Amigas, eu oí dizer

Nota geral

Esta cantiga e uma outra, transcrita apenas pelo Cancioneiro da Vaticana, são de uma originalidade quase única nos Cancioneiros. Trata-se, como uma leitura rápida parece mostrar, de duas típicas cantigas de amigo, aparentemente semelhantes a muitas outras. Mas as rubricas que as acompanham explicam-nos que não é assim: de facto, Gonçalo Eanes do Vinhal alude aqui aos propalados amores da rainha-viúva D. Joana, madrasta de Afonso X, com o seu outro enteado, D. Henrique, irmão do rei. Estamos, pois, perante duas verdadeiras cantigas de escárnio, sob esta subtil e inesperada forma de cantigas de amigo.

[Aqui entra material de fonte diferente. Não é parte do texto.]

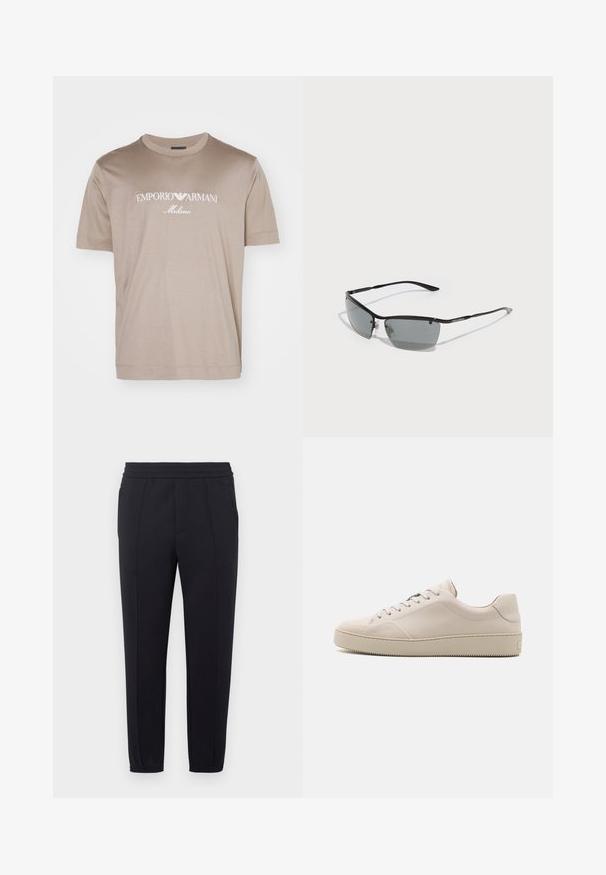 T-shirt bege de manga curta feita de tecido macio, com o logotipo "EMPORIO ARMANI" e "Milano" em branco a atravessar o peito.; Calças de treino pretas com cintura elástica, pernas afuniladas, bolsos laterais e textura de tecido suave. Apresenta detalhes costurados ao longo das costuras.; Sapatilhas de couro bege com um acabamento suave, biqueira arredondada, sola plana e design clássico com atacadores. Detalhes discretos em costura e sola texturizada.; Óculos de sol com uma estrutura preta em metal elegante, lentes cinza escuro e hastes finas. Apresenta almofadas de nariz ajustáveis e uma marcação discreta na lateral.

Se bem que a alegada relação amorosa entre D. Henrique e a sua madrasta possa não passar de simples maledicência, todas as referências históricas feitas na cantiga são exatas. Na verdade, o monarca e o seu irmão entraram em litígio pouco depois da conquista de Sevilha, ainda no tempo de Fernando III, litígio que se prolongou durante vários anos. A cantiga refere um dos episódios finais da disputa, o recontro que opôs as tropas reais e as de D. Henrique (senhor de Morón), perto de Lebrija, e no qual D. Henrique foi derrotado, derrota que o levou ao exílio, mencionado na segunda cantiga. Os factos passaram-se em 1259, o que nos permite datar com exatidão as duas cantigas.